Competing in the Tri River Athletic Conference against the Clovis Unified juggernaut has spurred Central to build top-notch facilities, establish its own feeder programs and hire the best coaches (including Biggs).
With a combined enrollment of 4,200 between the East and West campuses (some students attend classes at both), the Grizzlies have more numbers to draw from than any area school.
“We represent Fresno,” Central track coach Gary Davis said. “We are an exact replica of Fresno. People may not think so, but this is a place where every nationality and economic level is represented.”
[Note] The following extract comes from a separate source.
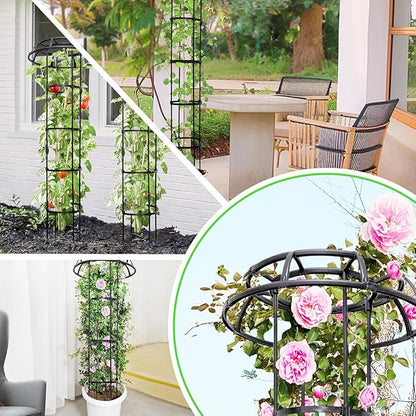 2-Pack 77-Inch Garden Trellis for Climbing Plants,Heavy-Duty Metal Obelisk with Mushroom Top,Stable Support for Potted Clematis,Tomato,Cucumber,Rose,Pea & Vine
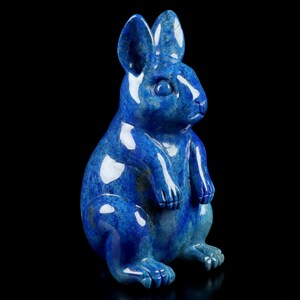 Gemstone 3.9&quot; Lapis Lazuli Hand Carved Crystal Rabbit Sculpture, Crystal Healing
Winning the section title would’ve been “a huge step,” “put a stamp on the growth of the athletic program” and “legitimized us.” I heard each phrase while standing on the home sideline during pregame.
Now that final step, that long-awaited stamp of legitimacy, remains elusive.
We’ve got two more years of him. Just like people are scared of (Clovis West quarterback) Adrian Martinez, they’re going to be scared of Trent Tompkins.
Central High coach Kyle Biggs
Still, if Biggs’ first season as Grizzlies coach is any indication, Central will be back in this position. Perhaps even within the next two years, as his dynamic quarterback garners more experience and studies his mistakes.
“We’ll learn from this,” Biggs said. “We’ll go back. We’ll watch the film and we’ll critique it. It’s going to be hard, but it’s going to make him better and it’s going to make us better.”
Tompkins will eventually grasp that lesson. He’ll grow, and he’ll learn. Right now, though, it hurts.
“I want that ring,” he said. “I wanted it with these seniors. I love these seniors, and I wanted to do it with them. But that chance went away.”
With that, Tompkins went off in search of a hug and a chest to cry on. He didn’t have to look far.